For Anthony Maroun, a corporal in the U.S. Marine Corps, it was an air conditioner that changed his feelings about fighting in Iraq.
As the team leader of his unit, it was part of Maroun's job to keep the Dell computers they used from overheating in the desert climate. But as hard as he tried, Maroun couldn't manage to get the necessary air conditioner, which meant his unit couldn't do its mission.
"I finally asked a friend of mine, this contractor, to help me out," Maroun said. "He got the air conditioner so fast.
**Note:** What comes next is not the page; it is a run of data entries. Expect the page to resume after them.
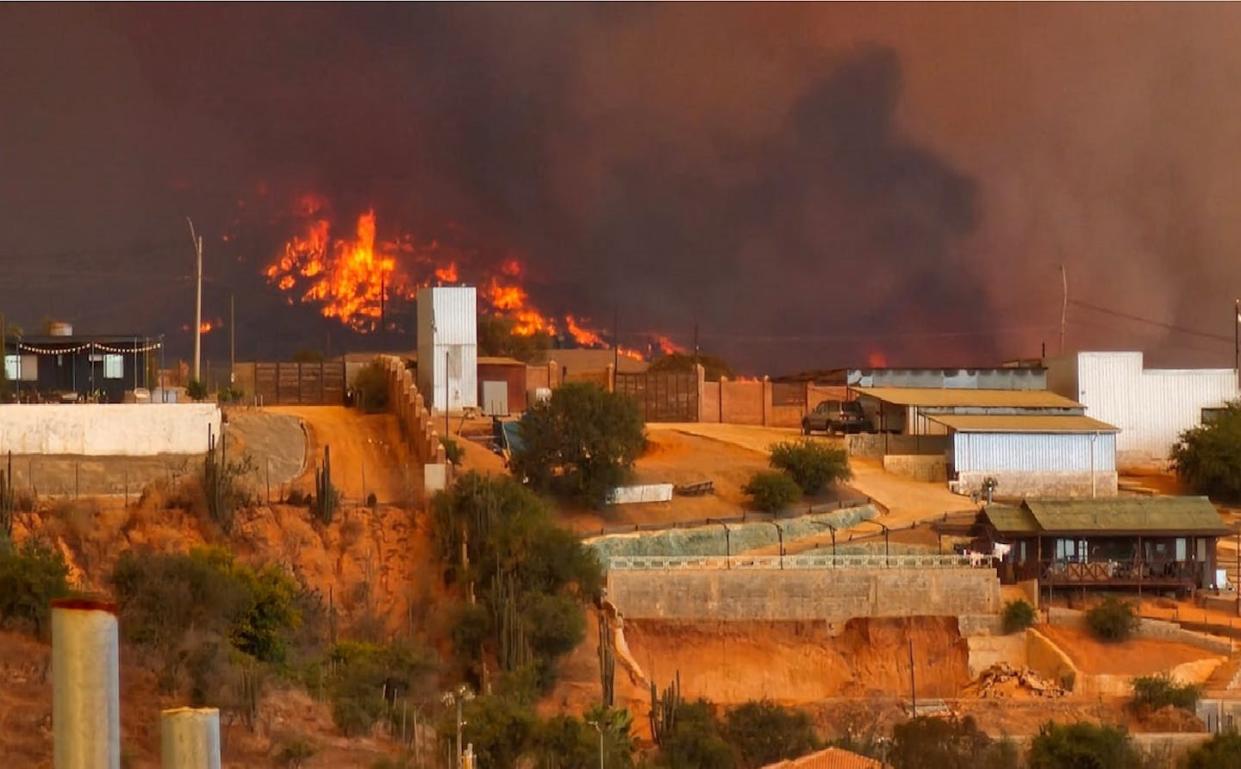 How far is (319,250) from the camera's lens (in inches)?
5059

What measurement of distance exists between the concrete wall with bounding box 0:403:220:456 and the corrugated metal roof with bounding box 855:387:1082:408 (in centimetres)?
2487

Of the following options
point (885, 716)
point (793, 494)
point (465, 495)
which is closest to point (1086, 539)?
point (793, 494)

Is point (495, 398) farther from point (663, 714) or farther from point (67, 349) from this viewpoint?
point (663, 714)

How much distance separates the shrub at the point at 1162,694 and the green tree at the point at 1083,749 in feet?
11.4

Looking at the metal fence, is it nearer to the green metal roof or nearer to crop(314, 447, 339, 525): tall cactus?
the green metal roof

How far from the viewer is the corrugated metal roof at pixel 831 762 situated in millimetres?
31828

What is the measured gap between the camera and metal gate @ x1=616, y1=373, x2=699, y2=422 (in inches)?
2655

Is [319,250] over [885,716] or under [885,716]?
over

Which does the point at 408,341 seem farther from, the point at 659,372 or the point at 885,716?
the point at 885,716

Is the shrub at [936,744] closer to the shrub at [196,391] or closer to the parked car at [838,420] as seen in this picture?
the parked car at [838,420]

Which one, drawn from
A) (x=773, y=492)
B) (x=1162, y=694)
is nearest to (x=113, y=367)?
(x=773, y=492)

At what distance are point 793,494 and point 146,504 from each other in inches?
722

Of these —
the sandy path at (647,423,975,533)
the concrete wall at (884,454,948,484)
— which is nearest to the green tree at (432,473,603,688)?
the sandy path at (647,423,975,533)

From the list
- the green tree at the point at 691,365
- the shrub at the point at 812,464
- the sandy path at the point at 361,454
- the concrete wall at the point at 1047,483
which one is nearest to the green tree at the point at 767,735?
the sandy path at the point at 361,454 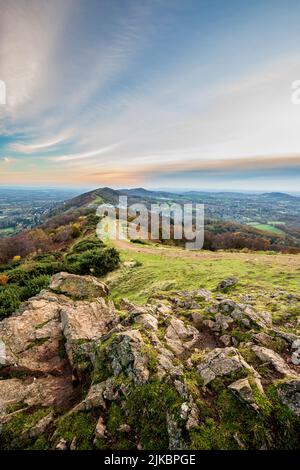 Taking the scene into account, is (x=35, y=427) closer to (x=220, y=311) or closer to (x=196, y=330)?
(x=196, y=330)

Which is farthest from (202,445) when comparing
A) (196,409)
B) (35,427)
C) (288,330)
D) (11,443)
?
(288,330)

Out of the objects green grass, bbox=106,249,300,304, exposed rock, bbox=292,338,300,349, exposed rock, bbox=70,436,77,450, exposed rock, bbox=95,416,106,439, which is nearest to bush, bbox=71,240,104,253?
green grass, bbox=106,249,300,304

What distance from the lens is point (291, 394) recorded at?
5.41 meters

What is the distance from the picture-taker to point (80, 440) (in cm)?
514

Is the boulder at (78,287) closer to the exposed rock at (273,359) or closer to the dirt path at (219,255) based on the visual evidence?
the exposed rock at (273,359)

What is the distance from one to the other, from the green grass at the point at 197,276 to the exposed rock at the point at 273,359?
682cm

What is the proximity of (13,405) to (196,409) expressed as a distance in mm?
4486

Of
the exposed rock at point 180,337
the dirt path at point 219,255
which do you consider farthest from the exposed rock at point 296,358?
the dirt path at point 219,255

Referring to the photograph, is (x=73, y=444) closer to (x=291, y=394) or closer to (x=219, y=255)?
(x=291, y=394)

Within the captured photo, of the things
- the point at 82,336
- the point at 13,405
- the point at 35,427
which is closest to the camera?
the point at 35,427

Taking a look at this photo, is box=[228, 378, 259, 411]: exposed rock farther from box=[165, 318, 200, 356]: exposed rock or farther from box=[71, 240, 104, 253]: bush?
box=[71, 240, 104, 253]: bush

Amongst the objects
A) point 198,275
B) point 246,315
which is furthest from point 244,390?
point 198,275

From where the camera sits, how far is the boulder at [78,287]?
1304 cm

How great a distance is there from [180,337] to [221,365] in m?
2.09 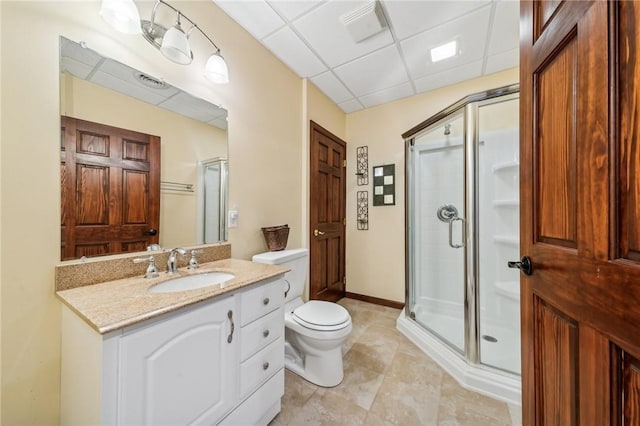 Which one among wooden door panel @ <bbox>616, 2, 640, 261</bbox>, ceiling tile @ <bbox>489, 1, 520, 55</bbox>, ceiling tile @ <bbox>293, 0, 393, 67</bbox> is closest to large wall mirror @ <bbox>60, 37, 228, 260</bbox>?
ceiling tile @ <bbox>293, 0, 393, 67</bbox>

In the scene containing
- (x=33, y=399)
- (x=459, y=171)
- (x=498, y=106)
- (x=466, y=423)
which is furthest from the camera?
(x=459, y=171)

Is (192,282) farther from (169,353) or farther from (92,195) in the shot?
(92,195)

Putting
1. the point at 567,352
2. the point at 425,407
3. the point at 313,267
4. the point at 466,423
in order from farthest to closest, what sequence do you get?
the point at 313,267
the point at 425,407
the point at 466,423
the point at 567,352

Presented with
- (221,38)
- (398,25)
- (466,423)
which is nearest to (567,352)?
(466,423)

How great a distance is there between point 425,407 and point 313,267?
143 centimetres

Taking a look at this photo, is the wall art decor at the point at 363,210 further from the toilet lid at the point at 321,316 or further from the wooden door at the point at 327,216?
the toilet lid at the point at 321,316

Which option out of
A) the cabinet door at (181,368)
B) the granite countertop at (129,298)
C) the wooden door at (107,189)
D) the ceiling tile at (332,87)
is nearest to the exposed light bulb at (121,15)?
the wooden door at (107,189)

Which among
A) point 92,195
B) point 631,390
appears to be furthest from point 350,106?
point 631,390

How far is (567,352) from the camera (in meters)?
0.64

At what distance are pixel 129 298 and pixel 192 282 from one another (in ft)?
1.28

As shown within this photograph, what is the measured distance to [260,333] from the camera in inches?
47.9

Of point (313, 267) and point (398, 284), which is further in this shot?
point (398, 284)

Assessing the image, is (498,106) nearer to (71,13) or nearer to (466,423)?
(466,423)

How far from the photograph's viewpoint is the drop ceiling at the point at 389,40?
1.59 meters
But me, a leader in the Marines, wasn't connected enough to get the equipment we needed."
Maroun said for him, that air conditioner stood for the "corporate takeover of a country."
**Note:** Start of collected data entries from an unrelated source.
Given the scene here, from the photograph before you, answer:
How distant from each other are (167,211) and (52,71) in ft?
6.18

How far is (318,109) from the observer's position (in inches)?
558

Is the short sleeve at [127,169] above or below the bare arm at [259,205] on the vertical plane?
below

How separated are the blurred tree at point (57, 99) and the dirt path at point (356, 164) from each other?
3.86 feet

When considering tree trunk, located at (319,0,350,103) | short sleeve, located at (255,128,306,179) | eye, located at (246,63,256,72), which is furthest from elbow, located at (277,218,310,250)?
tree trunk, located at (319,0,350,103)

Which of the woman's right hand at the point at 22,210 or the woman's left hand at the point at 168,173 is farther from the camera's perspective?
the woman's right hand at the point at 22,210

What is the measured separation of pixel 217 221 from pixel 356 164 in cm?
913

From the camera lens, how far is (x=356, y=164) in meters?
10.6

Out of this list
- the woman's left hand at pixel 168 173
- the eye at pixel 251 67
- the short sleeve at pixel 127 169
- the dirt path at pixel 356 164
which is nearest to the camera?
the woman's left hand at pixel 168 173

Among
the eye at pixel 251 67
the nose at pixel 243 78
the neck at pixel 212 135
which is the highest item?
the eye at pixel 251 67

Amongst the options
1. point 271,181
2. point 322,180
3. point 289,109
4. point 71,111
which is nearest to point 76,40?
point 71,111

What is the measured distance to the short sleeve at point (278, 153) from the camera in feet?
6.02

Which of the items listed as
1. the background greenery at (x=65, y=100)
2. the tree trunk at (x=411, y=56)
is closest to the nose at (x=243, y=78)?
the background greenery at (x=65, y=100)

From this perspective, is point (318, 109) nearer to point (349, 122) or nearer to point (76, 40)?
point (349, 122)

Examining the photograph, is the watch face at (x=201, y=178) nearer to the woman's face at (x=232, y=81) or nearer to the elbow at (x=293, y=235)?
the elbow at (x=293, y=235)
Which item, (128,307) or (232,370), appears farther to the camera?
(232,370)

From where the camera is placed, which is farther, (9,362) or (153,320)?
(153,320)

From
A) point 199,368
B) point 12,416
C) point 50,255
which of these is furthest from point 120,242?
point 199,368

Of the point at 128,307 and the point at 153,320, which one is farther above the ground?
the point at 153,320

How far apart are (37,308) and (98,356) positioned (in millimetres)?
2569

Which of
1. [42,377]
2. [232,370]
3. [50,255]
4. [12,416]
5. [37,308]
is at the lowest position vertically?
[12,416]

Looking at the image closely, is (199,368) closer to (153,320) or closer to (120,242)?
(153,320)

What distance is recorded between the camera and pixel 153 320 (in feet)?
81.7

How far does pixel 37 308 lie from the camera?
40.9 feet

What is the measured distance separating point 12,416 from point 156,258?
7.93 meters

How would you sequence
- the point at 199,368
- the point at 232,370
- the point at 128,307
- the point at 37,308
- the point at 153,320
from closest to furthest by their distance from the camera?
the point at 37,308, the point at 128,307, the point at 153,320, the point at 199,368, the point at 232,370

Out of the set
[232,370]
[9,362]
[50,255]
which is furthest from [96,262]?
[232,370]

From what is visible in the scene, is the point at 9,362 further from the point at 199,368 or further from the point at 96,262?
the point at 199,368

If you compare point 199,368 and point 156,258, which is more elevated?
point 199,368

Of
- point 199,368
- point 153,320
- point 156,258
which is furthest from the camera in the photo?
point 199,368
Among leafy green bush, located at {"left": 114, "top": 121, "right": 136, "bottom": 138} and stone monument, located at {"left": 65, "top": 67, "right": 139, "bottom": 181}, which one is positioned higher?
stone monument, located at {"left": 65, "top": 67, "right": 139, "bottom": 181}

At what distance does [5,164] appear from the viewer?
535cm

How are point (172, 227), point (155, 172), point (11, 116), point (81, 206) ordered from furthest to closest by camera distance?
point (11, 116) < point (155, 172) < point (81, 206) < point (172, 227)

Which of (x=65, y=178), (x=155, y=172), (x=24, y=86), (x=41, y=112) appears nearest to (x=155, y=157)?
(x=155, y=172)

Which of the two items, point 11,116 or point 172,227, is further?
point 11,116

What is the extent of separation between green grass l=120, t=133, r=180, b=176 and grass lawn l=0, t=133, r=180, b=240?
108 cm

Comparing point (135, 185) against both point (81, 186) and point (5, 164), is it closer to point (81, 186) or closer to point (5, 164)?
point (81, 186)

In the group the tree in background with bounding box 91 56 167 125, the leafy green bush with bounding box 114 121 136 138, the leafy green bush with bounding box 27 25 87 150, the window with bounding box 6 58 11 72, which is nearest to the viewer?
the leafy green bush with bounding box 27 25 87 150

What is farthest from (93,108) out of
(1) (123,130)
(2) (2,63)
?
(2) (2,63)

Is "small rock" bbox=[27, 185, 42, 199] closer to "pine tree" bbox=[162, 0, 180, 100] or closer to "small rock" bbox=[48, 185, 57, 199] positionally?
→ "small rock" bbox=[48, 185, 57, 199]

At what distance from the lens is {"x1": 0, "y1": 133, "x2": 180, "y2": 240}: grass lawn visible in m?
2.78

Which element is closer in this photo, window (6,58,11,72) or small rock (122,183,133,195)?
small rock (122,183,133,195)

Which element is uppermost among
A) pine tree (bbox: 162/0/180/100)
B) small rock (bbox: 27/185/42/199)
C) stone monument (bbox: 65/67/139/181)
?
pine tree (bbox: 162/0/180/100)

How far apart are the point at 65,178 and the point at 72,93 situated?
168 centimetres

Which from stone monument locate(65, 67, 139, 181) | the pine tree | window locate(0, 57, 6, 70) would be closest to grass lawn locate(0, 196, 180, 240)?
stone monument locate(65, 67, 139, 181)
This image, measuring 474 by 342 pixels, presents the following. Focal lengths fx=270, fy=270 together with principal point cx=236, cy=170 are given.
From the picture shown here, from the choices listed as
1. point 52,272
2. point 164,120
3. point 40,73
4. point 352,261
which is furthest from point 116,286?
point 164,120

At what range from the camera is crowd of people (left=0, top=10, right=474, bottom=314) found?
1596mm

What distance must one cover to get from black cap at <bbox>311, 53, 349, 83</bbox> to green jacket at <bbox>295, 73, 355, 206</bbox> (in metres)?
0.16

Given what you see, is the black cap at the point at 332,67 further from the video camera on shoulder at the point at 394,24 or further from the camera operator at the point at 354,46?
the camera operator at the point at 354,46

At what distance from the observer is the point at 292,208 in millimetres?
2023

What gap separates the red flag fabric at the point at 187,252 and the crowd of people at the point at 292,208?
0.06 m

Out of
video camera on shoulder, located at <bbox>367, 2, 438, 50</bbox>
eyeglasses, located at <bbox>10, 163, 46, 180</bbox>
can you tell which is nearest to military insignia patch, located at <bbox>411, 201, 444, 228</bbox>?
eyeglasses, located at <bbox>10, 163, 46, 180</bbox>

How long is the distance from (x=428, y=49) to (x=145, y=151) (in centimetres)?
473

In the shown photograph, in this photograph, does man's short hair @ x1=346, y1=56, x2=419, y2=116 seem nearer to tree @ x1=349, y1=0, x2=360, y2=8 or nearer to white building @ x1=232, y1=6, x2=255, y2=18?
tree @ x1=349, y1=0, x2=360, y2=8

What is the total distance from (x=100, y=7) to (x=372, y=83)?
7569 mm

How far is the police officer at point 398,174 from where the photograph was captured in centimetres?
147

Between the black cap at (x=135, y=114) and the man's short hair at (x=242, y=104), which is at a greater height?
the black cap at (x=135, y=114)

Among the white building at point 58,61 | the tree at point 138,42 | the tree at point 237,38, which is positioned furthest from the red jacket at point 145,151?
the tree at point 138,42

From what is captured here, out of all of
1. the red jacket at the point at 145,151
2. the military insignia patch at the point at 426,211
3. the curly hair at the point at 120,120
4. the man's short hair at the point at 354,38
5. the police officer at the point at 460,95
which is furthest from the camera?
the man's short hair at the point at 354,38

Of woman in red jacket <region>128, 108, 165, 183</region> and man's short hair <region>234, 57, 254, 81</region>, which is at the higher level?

He was one of seven veterans of the Iraq war who spoke on a panel Thursday night at SFCC to an audience of about 90 people.
Scott Camil, a Vietnam War veteran and coordinator of Gainesville's chapter of Veterans For Peace, organized the event because he said he felt the men had definitely earned the right to speak, no matter how they felt.
The Santa Fe Democratic Saints, the Santa Fe Global Society Club and the Community Coalition Against War and Terrorism also sponsored the event.
Most veterans said fighting was difficult, but the men differed on whether they support the Iraq war.
Clifton Hicks, who served in the Army, described having only one bottle of water and one meal a day at one point while in Iraq.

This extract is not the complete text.